С глубочайшим чувством уважения, благодарности и преданности, честь имею быть, милостивый государь, Вашего превосходительства всепокорнейший слуга
Александр Пушкин”.
Вот такие взаимные словесные расшаркивания. Бенкендорф вполне удовлетворён ответом. И пошло-поехало. В одну сторону направляются на царскую цензуру, как велено, “все и мелкие труды блистательного Вашего пера”. В обратную сторону передаётся разрешение царя пропустить в печать пять стихотворений, переданных поэтом Дельвигу для “Северных цветов”, стихотворения, предназначенные для журнала Погодина, и т.д.
Иной раз “милостивый государь Александр Сергеевич” читал:
“Представленные вами новые стихотворения ваши Государь Император изволил прочесть с особенным вниманием.
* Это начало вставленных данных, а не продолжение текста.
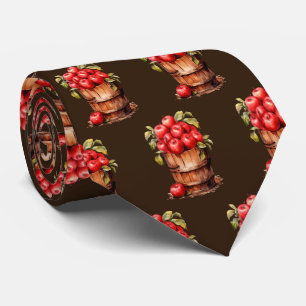 Cute tiled apple pattern fruit neck tie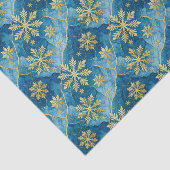 Golden Snowflake Frozen Abstract Tissuepapier (Detail)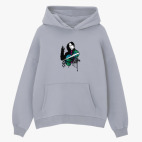 Толстовка худи оверсайз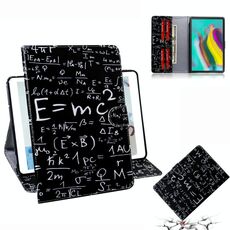 Custodia in pelle con vibrazione orizzontale modello formula per Galaxy Tab S5E T720 / T725, con supporto, slot per schede e portafoglio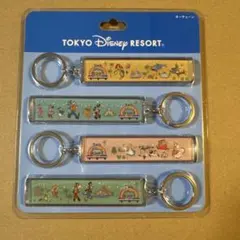 東京ディズニーリゾート キーチェーン 4個セットのサムネイル
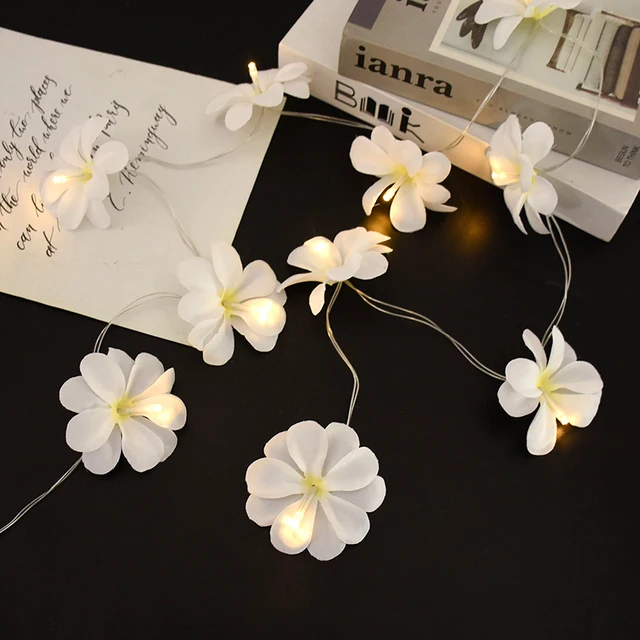 White Vellum Paper Flower Garland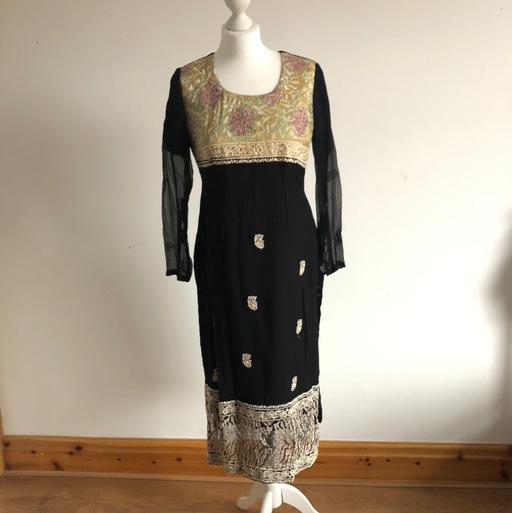 Buy & Sell Lancashire Chorley - Photos for size 10 black & yellow Asian ethnic dress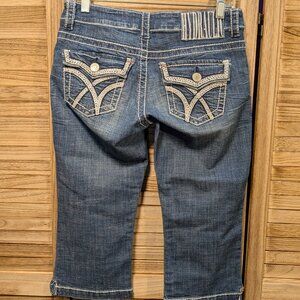 Hydraulic Capri Jeans Size 3/4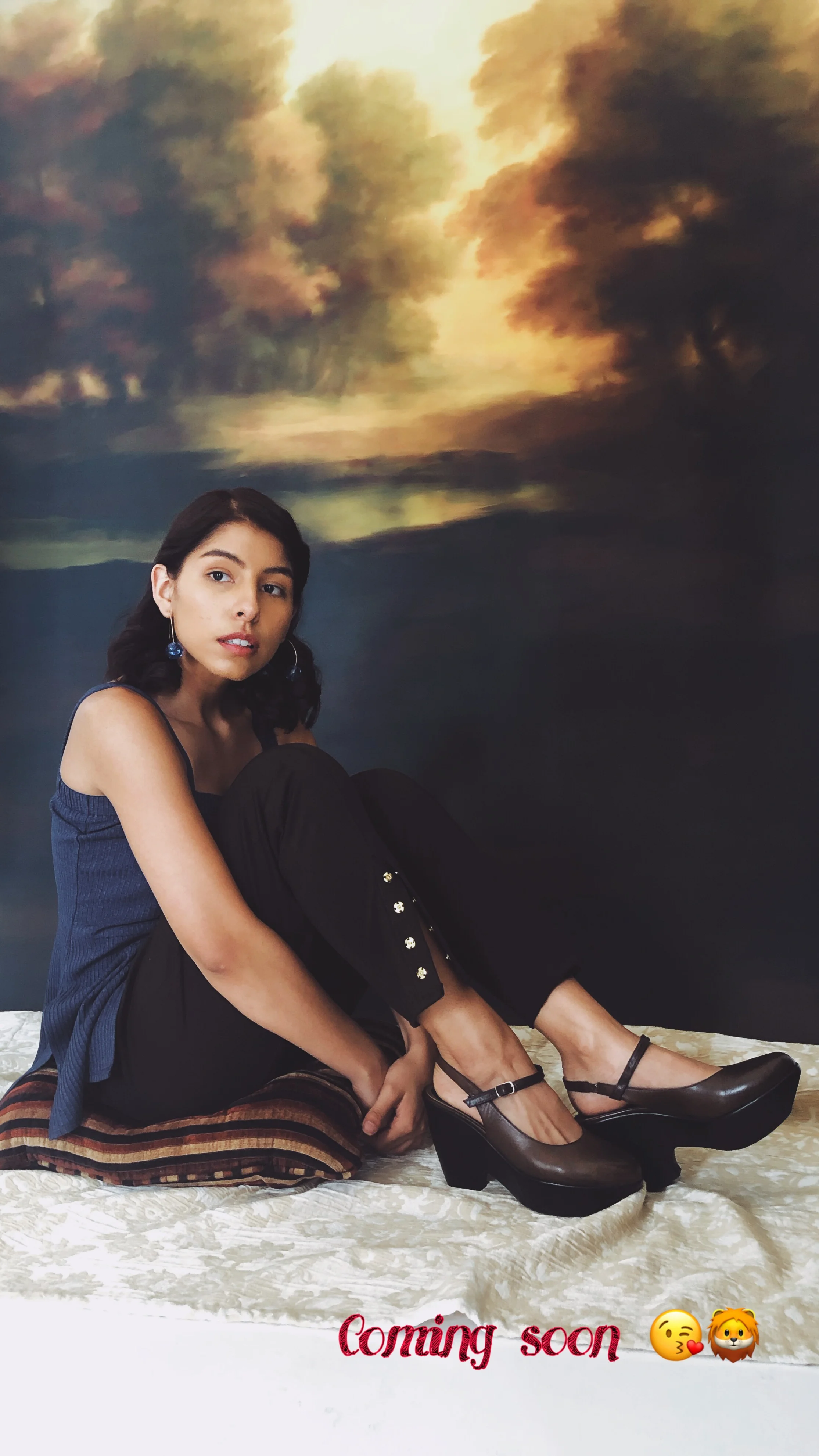 fall oil painting photoshoot backdrop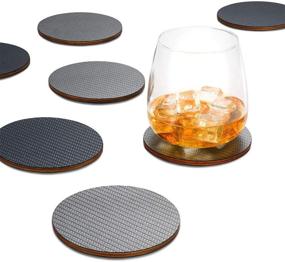 img 1 attached to 🔘 Premium Geometric Furniture Coasters by Coaster's Coaster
Возвращая вам оные, я имею обязанность изъяснить следующее заключение.
1) “Ангел”, к печатанию дозволяется;
2) “Стансы”, а равно 3) и Третия глава “Евгения Онегина” тоже”.
Какие-то суждения царя о текстах, которые следовало воспринимать как замечания монарха, вызывали у ироничного Вяземского шутки по поводу столь снисходительной цензуры: “Ты счастлив, твой Цензор даёт тебе дышать”:
“Графа Нулина” Государь Император изволил прочесть с большим удовольствием и отметил своеручно два места, кои Его Величество желает видеть изменёнными; а именно следующие два стиха:
“Порою с барином шалит” и
“Коснуться хочет одеяла”,
впрочем, прелестная пиеса сия дозволяется напечатать.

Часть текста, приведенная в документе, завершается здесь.